- _WORK TO COMPLETE_: Take the line that contains "1609 Liberty Ln, Roswell, GA 30075" as the first line and the final line of the records as the last; return exactly those lines and the lines between.

Items from a dataset:

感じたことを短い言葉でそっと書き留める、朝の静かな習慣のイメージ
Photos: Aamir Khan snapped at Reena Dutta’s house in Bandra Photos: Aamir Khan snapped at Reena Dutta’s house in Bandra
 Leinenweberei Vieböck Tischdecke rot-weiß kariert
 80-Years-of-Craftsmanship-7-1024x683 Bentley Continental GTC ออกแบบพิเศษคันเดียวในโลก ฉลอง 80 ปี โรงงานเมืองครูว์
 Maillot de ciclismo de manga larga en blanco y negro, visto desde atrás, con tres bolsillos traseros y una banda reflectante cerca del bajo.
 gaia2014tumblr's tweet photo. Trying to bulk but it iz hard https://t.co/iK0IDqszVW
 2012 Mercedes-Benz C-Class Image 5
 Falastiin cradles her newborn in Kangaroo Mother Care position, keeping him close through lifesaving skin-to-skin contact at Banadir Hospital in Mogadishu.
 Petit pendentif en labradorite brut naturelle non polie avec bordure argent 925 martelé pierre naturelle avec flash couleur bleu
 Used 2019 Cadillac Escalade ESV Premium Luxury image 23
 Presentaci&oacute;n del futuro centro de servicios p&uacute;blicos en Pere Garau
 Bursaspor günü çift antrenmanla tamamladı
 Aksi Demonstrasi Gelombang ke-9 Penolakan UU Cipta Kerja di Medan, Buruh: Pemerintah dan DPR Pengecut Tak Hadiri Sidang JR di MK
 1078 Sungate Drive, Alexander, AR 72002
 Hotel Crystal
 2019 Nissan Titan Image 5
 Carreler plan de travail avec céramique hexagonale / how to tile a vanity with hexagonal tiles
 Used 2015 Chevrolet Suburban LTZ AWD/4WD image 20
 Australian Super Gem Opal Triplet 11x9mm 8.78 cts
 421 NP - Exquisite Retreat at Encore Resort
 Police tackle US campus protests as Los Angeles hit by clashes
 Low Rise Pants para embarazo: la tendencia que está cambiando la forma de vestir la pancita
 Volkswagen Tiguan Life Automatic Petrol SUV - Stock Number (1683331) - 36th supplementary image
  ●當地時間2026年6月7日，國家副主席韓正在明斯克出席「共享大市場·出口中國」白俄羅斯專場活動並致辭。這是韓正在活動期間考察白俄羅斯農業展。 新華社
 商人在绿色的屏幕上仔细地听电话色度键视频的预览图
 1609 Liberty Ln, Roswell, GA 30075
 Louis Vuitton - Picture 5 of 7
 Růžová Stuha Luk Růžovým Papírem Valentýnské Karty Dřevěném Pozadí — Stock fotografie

- _RESPONSE FOR THIS EXERCISE_:
 1609 Liberty Ln, Roswell, GA 30075
 Louis Vuitton - Picture 5 of 7
 Růžová Stuha Luk Růžovým Papírem Valentýnské Karty Dřevěném Pozadí — Stock fotografie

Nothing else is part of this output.